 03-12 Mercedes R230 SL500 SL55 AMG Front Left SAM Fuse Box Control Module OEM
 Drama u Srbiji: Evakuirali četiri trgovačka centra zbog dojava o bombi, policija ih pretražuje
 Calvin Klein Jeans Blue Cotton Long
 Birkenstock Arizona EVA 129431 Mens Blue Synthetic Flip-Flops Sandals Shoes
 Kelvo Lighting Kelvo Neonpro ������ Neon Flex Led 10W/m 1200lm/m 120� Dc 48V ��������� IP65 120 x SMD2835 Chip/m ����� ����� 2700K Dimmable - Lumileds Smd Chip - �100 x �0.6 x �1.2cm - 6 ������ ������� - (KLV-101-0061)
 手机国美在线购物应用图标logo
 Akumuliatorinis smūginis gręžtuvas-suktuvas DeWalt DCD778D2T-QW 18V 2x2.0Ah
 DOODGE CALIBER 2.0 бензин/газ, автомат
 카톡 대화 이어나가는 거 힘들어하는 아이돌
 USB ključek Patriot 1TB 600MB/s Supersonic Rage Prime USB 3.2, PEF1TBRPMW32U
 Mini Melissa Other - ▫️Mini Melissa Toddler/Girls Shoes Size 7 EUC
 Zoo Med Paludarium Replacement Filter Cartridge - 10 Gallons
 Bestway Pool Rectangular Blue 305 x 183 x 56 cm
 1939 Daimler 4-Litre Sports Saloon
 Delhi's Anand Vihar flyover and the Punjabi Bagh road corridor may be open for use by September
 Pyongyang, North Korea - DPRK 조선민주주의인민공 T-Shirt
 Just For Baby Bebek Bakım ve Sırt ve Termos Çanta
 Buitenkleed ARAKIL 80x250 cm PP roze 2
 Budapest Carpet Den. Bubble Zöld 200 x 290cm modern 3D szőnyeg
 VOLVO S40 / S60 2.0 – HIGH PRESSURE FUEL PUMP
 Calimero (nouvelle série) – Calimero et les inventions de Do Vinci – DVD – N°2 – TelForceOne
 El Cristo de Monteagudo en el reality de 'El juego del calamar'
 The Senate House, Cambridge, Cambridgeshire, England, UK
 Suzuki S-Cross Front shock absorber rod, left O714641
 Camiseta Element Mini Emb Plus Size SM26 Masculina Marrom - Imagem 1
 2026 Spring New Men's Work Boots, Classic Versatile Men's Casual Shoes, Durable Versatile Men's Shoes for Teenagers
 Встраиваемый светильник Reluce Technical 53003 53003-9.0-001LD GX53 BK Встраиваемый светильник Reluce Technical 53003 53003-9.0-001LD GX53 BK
----
◆ Task details
Among the lines above, find the one with "VOLVO S40 /" and the one with "Suzuki S-Cross Front". Quote both and everything between them, exactly.

◆ Written answer
 VOLVO S40 / S60 2.0 – HIGH PRESSURE FUEL PUMP
 Calimero (nouvelle série) – Calimero et les inventions de Do Vinci – DVD – N°2 – TelForceOne
 El Cristo de Monteagudo en el reality de 'El juego del calamar'
 The Senate House, Cambridge, Cambridgeshire, England, UK
 Suzuki S-Cross Front shock absorber rod, left O714641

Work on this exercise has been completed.